I've since re-thought the layout issues coming from the limitations of the Freeware version and how to actually build and assemble the thing. The result is a new board layout for just one switch matrix chip PDF 86k corresponding to these very simple schematics PDF 75k, the Eagle files are included in the project ZIP above. By using different pin headers, any number of these boards can then be combined to form various switch topologies. One of the motivations of doing a sub-board is of course that you can re-use them if you should later decide that you'd need a different configuration. Stay tuned for a 32x32 version using this board as a building block...

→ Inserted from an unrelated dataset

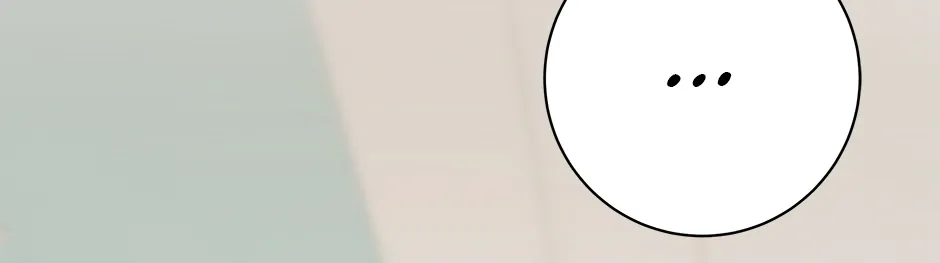 Read Long Live Hatred chapter 2 image 103 on Lezhin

You would need at least a controller to feed the information on which switches are closed into the matrix to do anything with this. Some wires that hang off a serial or parallel port on a PC would be good enough for starters, I envisioned the matrix to be controlled via MIDI by something like a PIC and to be used as a cordless audio patch panel in front of my mixer. For synth audio/CV switching, you will probably want to add I/O buffering and programmable gain. Be aware that the shift register in those chips is dynamic, so there is a lower boundary to the clock for this operation. It would not be fun to inject 1024 bits with hand-operated switches anyway. If you (want to) do anything with this, please let me know.
It has long been known that the CEM chips used in so many synthesizers were semi-custom IC. Doug Curtis, just out of college, had won a design contest sponsored by Interdesign (later sold to Ferranti/GEC Plessey) and went on to work for Interdesign before founding Curtis Electromusic Specialties, later to fold into OnChip Systems. The founder of Interdesign and designer of the '555 timer chip, Hans Camenzind, still operates consultancy business in mask programmable analog semicustom IC, Array Design and has written the book Designing Analog Chips that is available free for download or as a print-on-demand hardcopy.

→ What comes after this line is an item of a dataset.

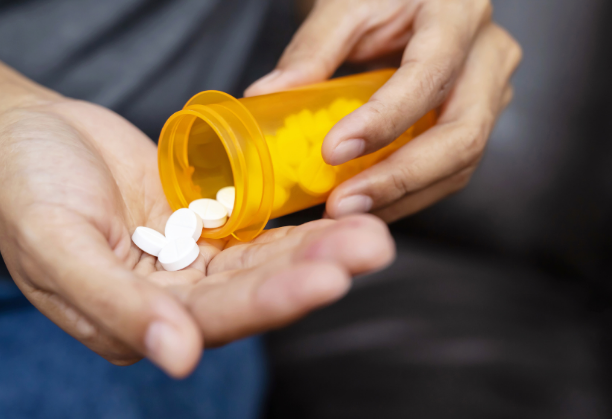 Clinical evaluation of usability of arm rehabilitation robot and motorized arm support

Here are the first two pictures of de-encapsulated (defect) CEM chips, more to follow as time permits. While any Interdesign or Ferranti die marks are missing, it is obvious that these are bipolar arrays. Comparison of the actual chips with a databook »201 Analog IC Designs« from Ferranti GmbH (1980) yields a perfect match, so any doubts about the true nature of these two CEM chips can be put to rest. I have in the meantime been able to also obtain an earlier brochure »101 Analog IC Designs« from Interdesign and their »Designer's Handbook« (sic) for Monochip A to D with the layout sheets for Monochip A to C and some issues of »Monogram«. While not directly applicable to the Monochip arrays used by the CEM chips, these have been helpful in corroborating some of the finer details of the chip micrographs. Many thanks to those who've helped in tracking them down.
If anybody happens to have a Design Manual for these bipolar arrays (Monochip D to M) or the 200x layout sheets thereof, please get in touch with me. I'm also interested in any other Interdesign literature.
|Datasheet||PDF 2.8MiB||PDF 3.1MiB||PDF 3.4MiB||PDF 3.6MiB|
|Package||JPG 20kiB||JPG 19kiB||JPG 20kiB||JPG 19kiB|
|Chip||JPG 24kiB||coming soon||coming soon||JPG 32kiB|
|MOE (confirmed)||N/A||N/A||MOH (confirmed)|
The datasheets show chips from the first week of 1979 for the CEM3310, while the CEM3340 in the datasheet is three weeks older than the specimen on display here. Both the MOE and MOH have internally 18 pins, and both have 17 bonds. The CEM3340 very likely is just a bond variant of the CEM3345, which has one more ground pin and an open emitter square wave output. This is most likely the pad without bond, while the extra bond is a ground connection just as it is in the CEM3345.